KinderCare went through a series of business transformations in the 2010s under then-CEO Tom Wyatt, who recently handed the reins to current CEO Paul Thompson. Partners Group, its largest shareholder, took control of the company in 2015.
Why does this IPO sound familiar?
KinderCare had attempted to go public in 2021. It ended up postponing the effort later that year due to what it described as “regulatory delays outside of our control.”
Is KinderCare profitable?
Very much so. According to its S-1 filing with the Securities and Exchange Commission (SEC), the company earned net income of $102.6 million on $2.5 billion in revenue during its 2023 fiscal year. Its “same-center” revenue for that year increased by $318.8 million, or almost 16% compared to fiscal 2022. That’s more than you can say for a lot of tech-focused startups that IPO while still operating at a loss.

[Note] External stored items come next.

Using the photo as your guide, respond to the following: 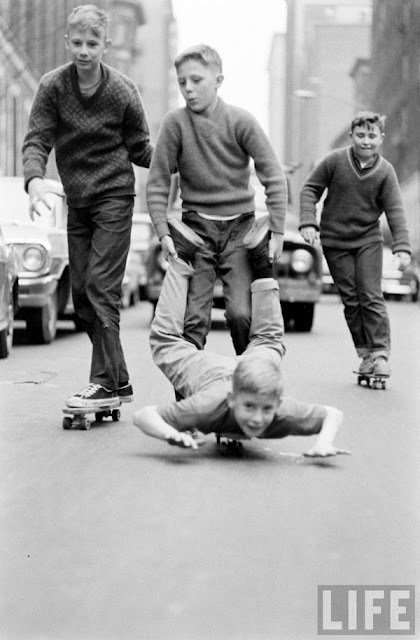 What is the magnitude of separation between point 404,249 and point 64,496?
17.4 ft

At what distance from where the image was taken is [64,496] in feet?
18.4

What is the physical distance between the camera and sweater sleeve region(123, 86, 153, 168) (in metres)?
7.68

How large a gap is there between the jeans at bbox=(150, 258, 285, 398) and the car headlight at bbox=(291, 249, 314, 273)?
1064 cm

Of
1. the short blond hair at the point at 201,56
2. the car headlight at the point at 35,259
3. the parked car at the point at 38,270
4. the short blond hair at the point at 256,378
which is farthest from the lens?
the car headlight at the point at 35,259

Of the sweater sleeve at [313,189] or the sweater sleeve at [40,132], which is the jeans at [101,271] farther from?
the sweater sleeve at [313,189]

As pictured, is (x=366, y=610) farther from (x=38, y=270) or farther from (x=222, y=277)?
(x=38, y=270)

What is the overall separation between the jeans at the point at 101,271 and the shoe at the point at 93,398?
0.04m

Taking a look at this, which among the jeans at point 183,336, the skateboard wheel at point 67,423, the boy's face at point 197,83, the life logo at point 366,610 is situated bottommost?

Be warned, though, that KinderCare acknowledges many risks to its business model that could impact its future profitability, including its debt and lease obligations, and future compliance hurdles in the education and childcare sectors, which are heavily regulated.
What else is there to know?
KinderCare’s IPO will test investor appetite for stocks related to childcare and private education services, two sectors that have been growing. One of KinderCare’s competitors, Bright Horizons (NYSE: BFAM), has seen its shares rise more than 48% so far this year. Wall Street will be watching KLC shares closely to see what happens later today when they make their debut.
KinderCare’s IPO is being led by Goldman Sachs & Co., Morgan Stanley, Barclays, and J.P. Morgan.